Il tramonto del New START e la fine della stabilità strategica globale
Il 5 febbraio segna la scadenza ufficiale del New START, l’ultimo trattato che poneva limiti legali agli arsenali nucleari di Stati Uniti e Russia. Con la sua fine cade l’ultima barriera formale all’espansione delle armi strategiche di Washington e Mosca, in un momento già segnato da forti tensioni geopolitiche. Mosca aveva proposto nell’autunno del 2025 una proroga di un anno delle restrizioni, ma l’iniziativa è rimasta senza risposta da parte statunitense.
Intanto entrambe le potenze sono impegnate nell’ammodernamento delle proprie forze nucleari, un processo che, senza vincoli, potrebbe accelerare. Secondo gli esperti non c’è un rischio immediato di escalation, ma le preoccupazioni aumenteranno nei prossimi anni, quando i nuovi sistemi statunitensi - dai missili intercontinentali Sentinel ai bombardieri B-21 fino ai sottomarini Columbia - entreranno pienamente in servizio senza più limiti negoziati.
Un altro effetto critico riguarda la fine dello scambio di informazioni sulle grandi esercitazioni e sui lanci missilistici, aumentando il rischio di incidenti e fraintendimenti nei sistemi di allerta precoce.
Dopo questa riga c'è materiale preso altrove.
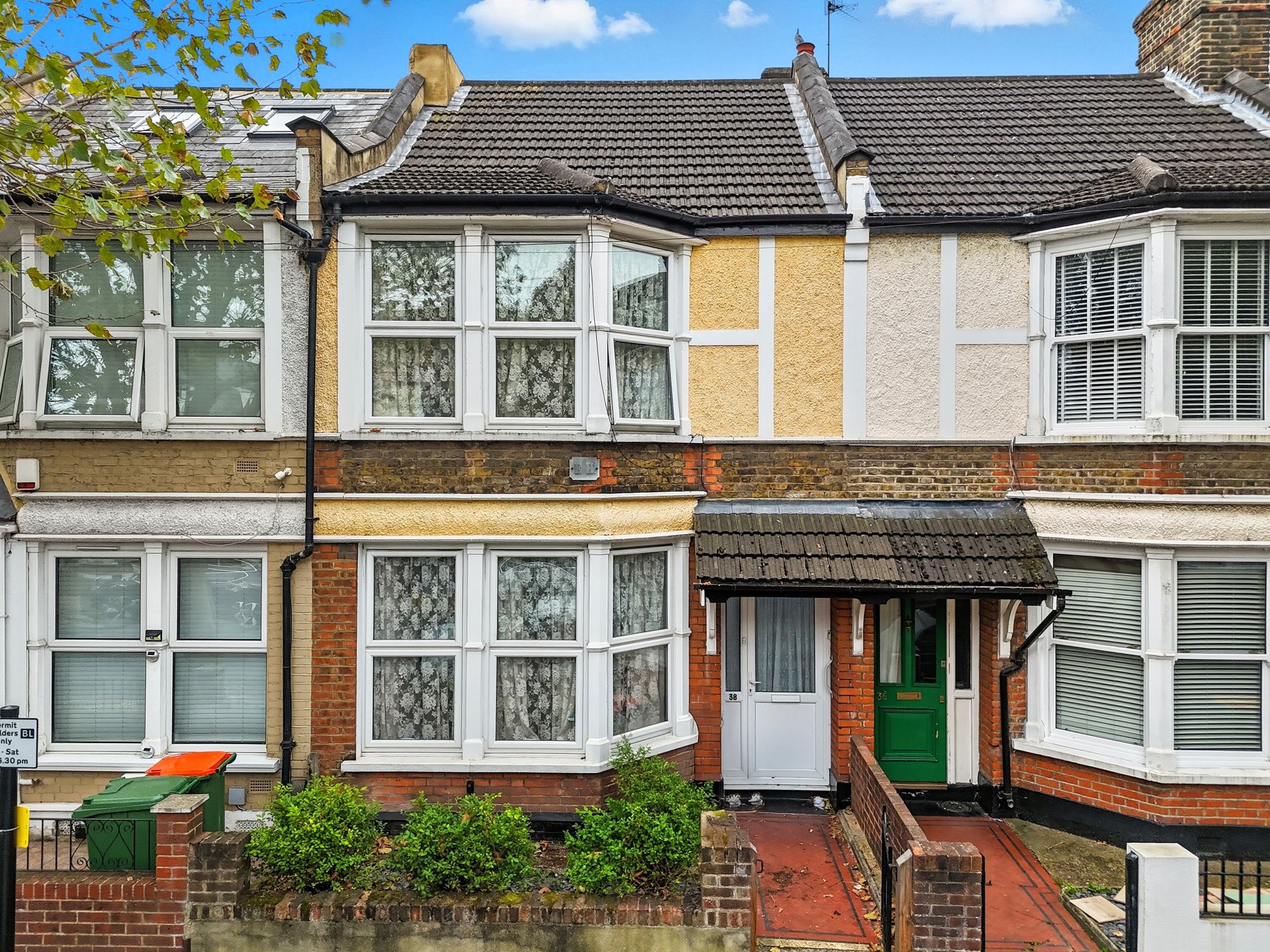 3 bed terraced house for sale in Henniker Gardens, London, E6  - Property Image 2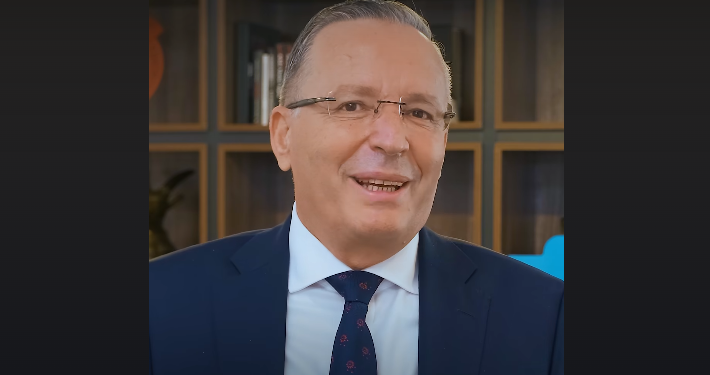 Bedri Hamza i fton qytetarët në tubimin përmbyllës: Shihemi të shtunën në sheshin Zahir Pajaziti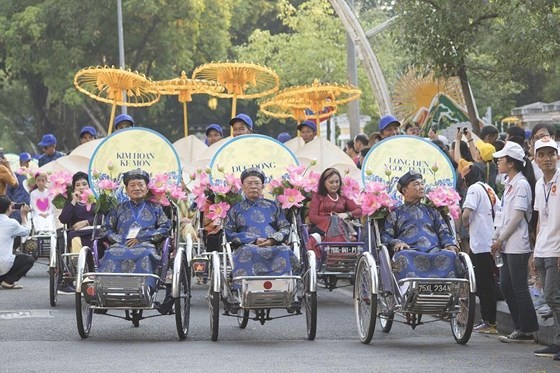 Ceremony honoring ancestors, founders of traditional craft villages held in Hue ảnh 3
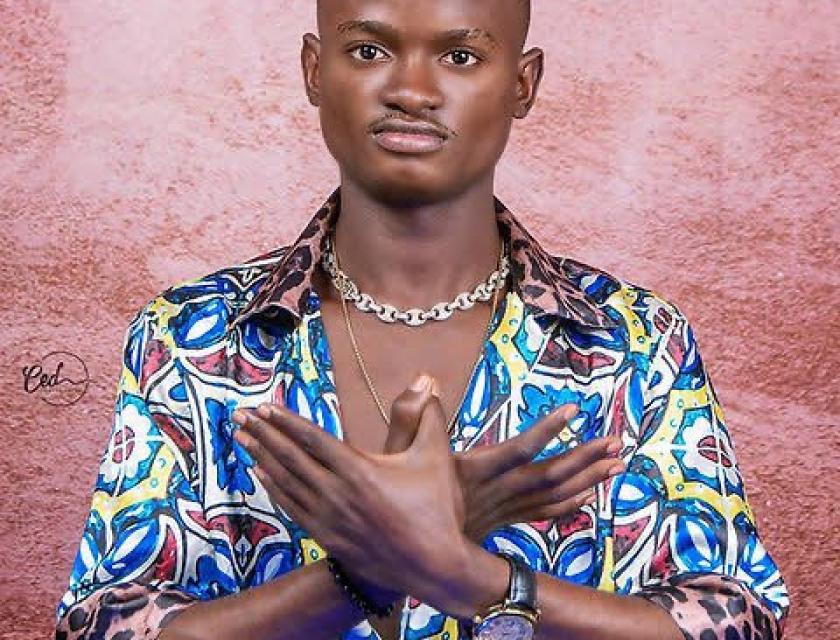 Le surnommé Petit Fally, artiste chanteur 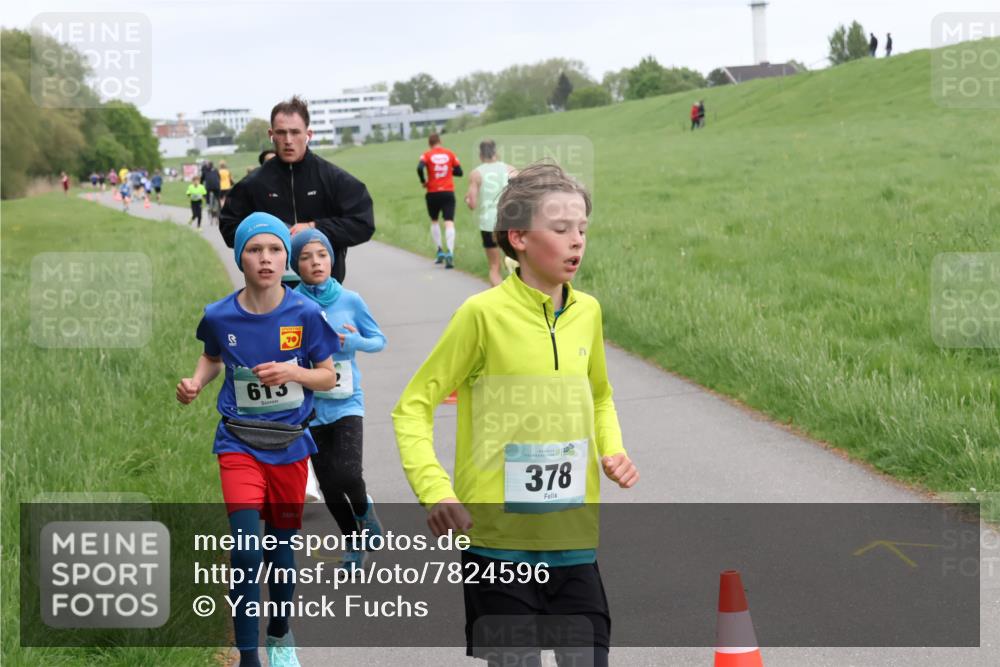04.05.2025 - 8. Wedeler Halbmarathon Yannick Fuchs http://msf.ph/oto/7824596 04.05.2025 11:11:50 Laufen 70, 613, 1, 20, 378 meine-sportfotos.de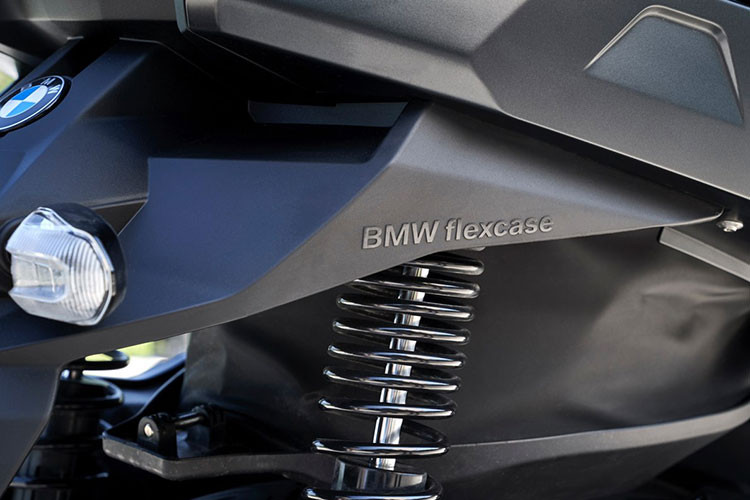 Để bảo đảm an toàn, thương hiệu môtô BMW Motorrad trang bị hệ thống chống bó cứng phanh (ABS) cho cả 2 hệ thống phanh trước (đĩa kép) và sau (đĩa đơn). Ngoài ra, hãng xe Đức cũng trang bị hệ thống chống trượt bánh (ASC) khi người lái phanh gấp trên đường trơn trượt.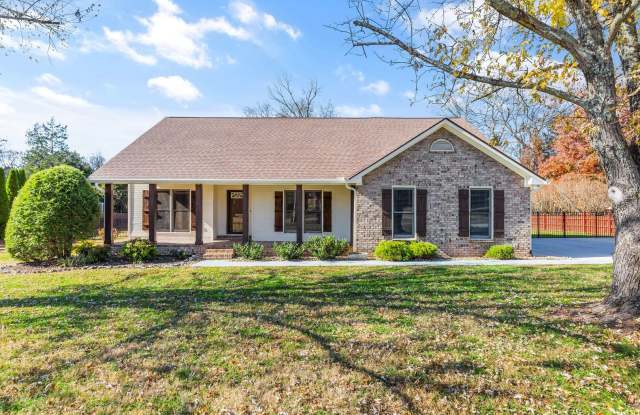 Photo of Charming Move-In Ready Home in Prime Murfreesboro Location with *Fenced Backyard*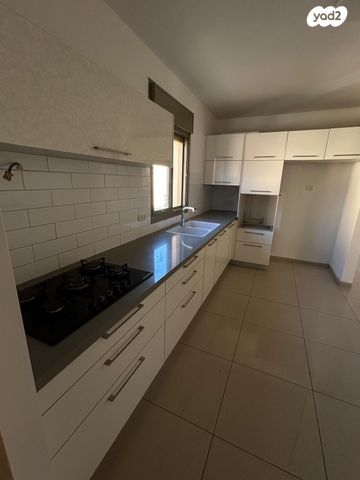 גג/ פנטהאוז, עגור 5, חלומות זכרון, זכרון יעקב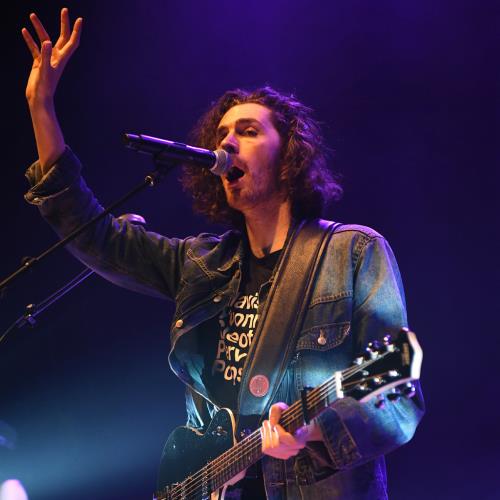 Hozier Recalls Meeting Cillian Murphy While Struggling With 'rough' Hangover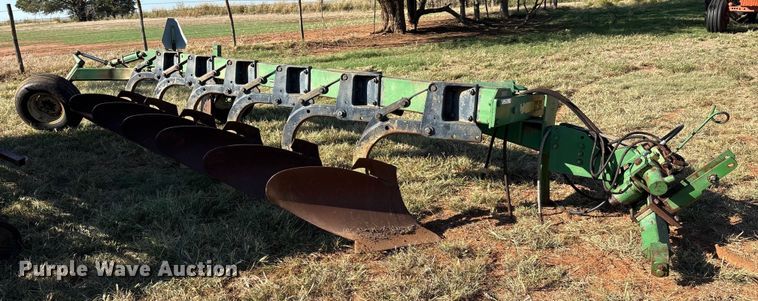 image for item IE9218 John Deere 2600 6 bottom plow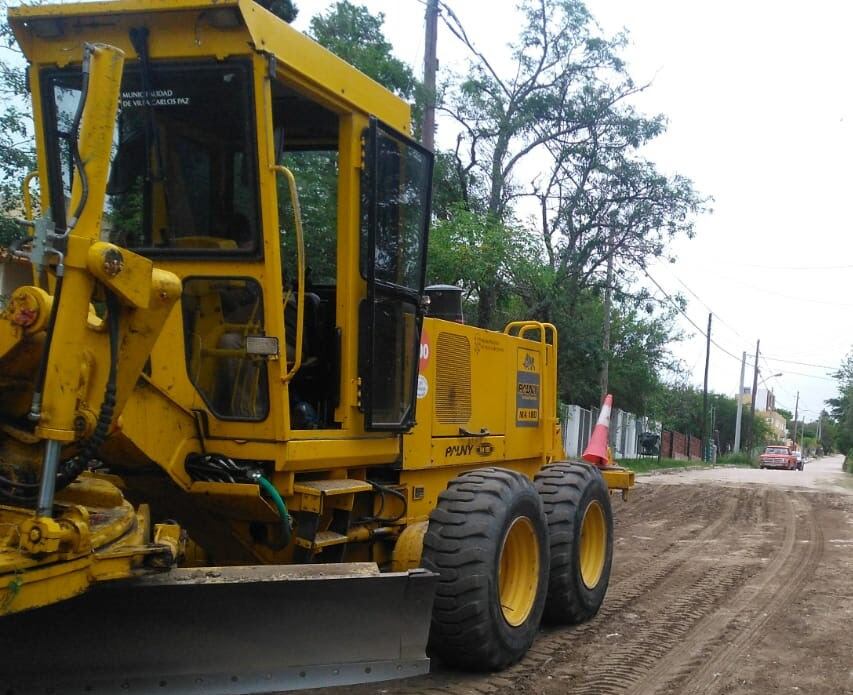 Reparación y limpieza de calles de diferentes sectores de la ciudad.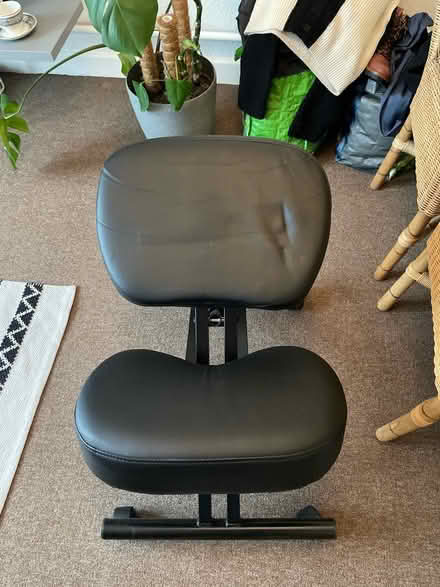 Photo of free Kneeling chair (BR3) #1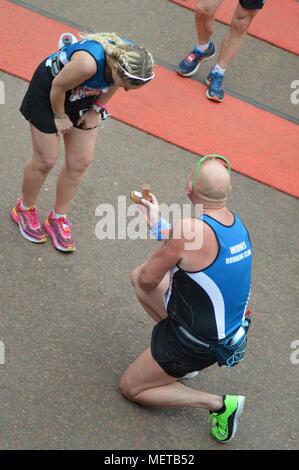 Xxxviii VIRGIN LONDON MARATHON 2018 Foto Stock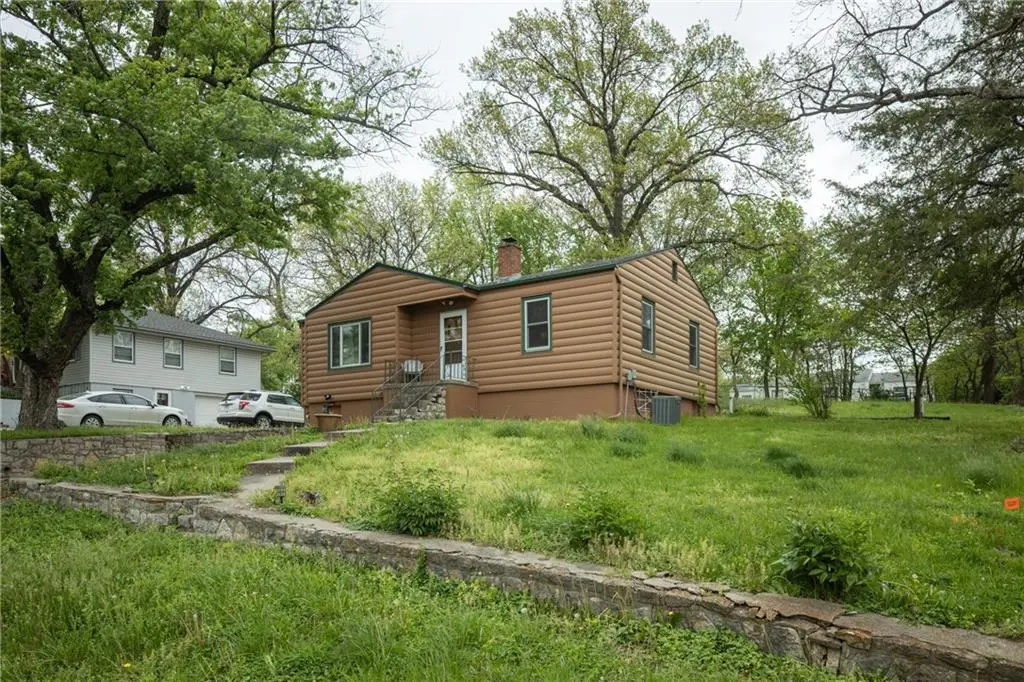 111 WALLER AVE, Excelsior Springs, MO 64024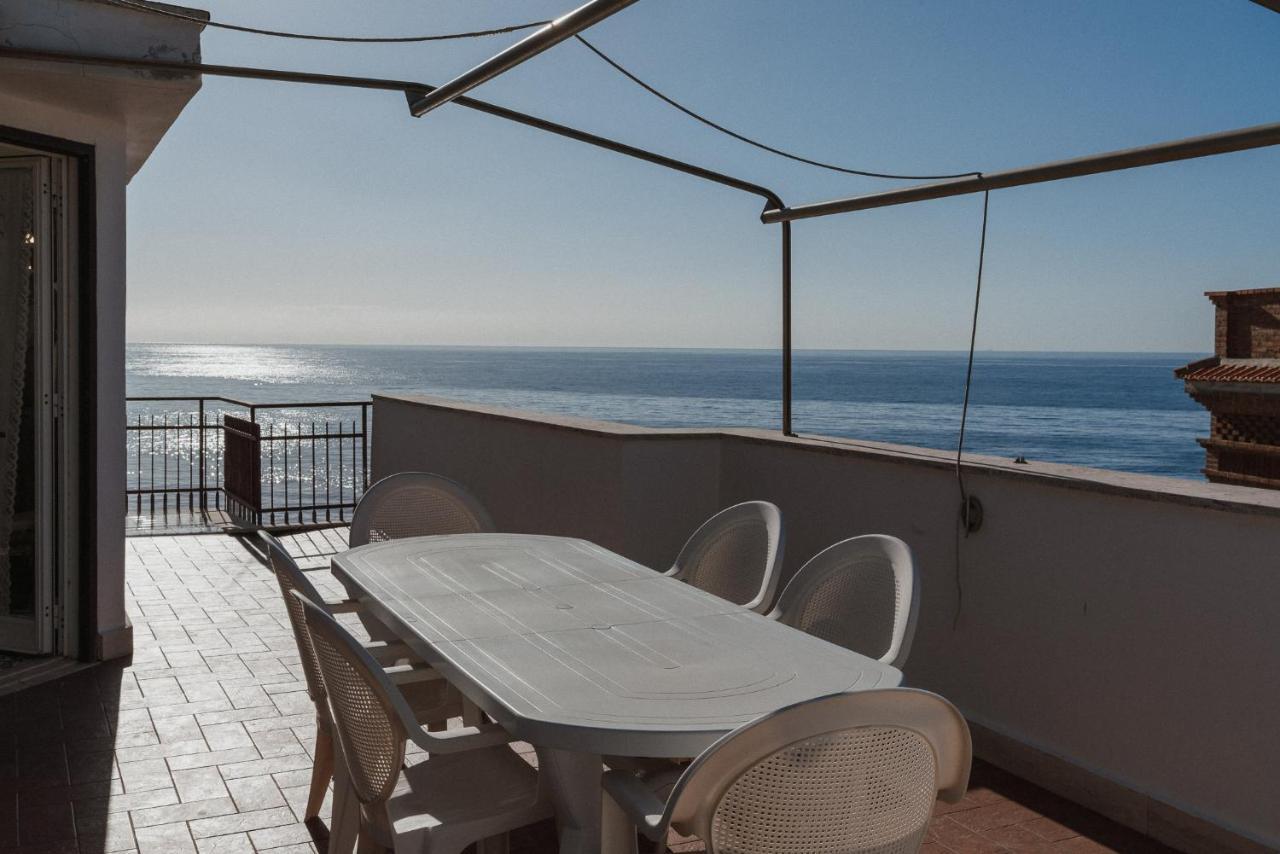 Be Your Home - Appartamento 4 Camere Sul Mare Scesa Al Mare Privata Santa Marinella Exterior foto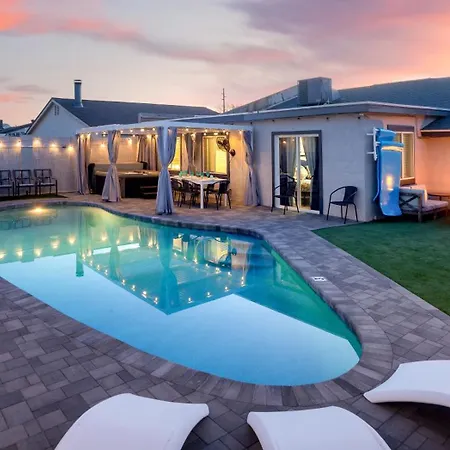 Lux New! Heated Pool Option, 2Kings, Spa, Old Town, Westworld, Fashion Square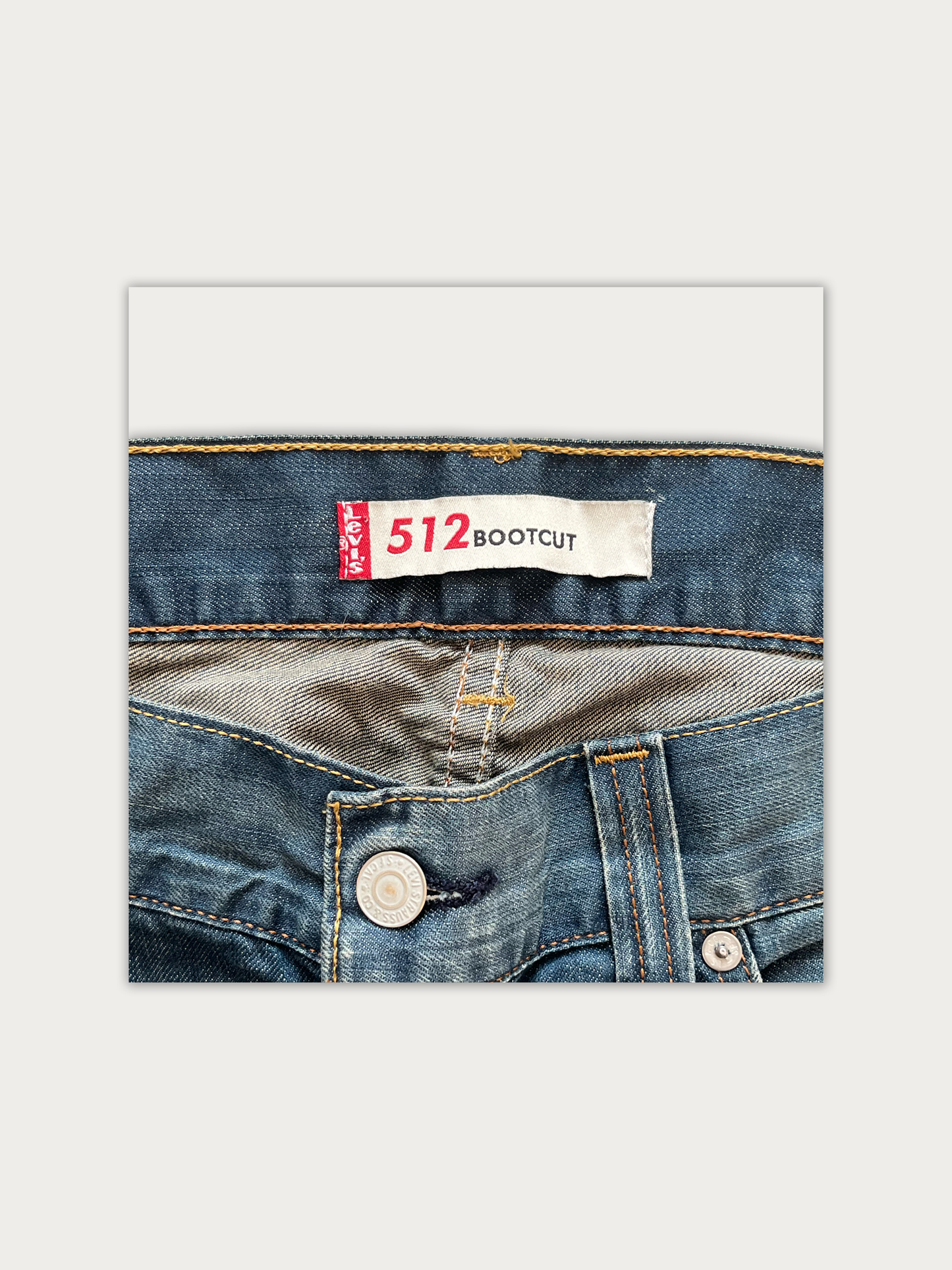 Levis 512 Bootcut Jeans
Il nodo più politico, però, è l’allargamento del cosiddetto “club nucleare”: la Russia rifiuta nuovi accordi che ignorino le capacità atomiche di Francia e Regno Unito.
Per molti analisti, la scadenza del New START segna la fine della stabilità strategica e apre la strada a una nuova corsa agli armamenti nucleari, con conseguenze potenzialmente globali.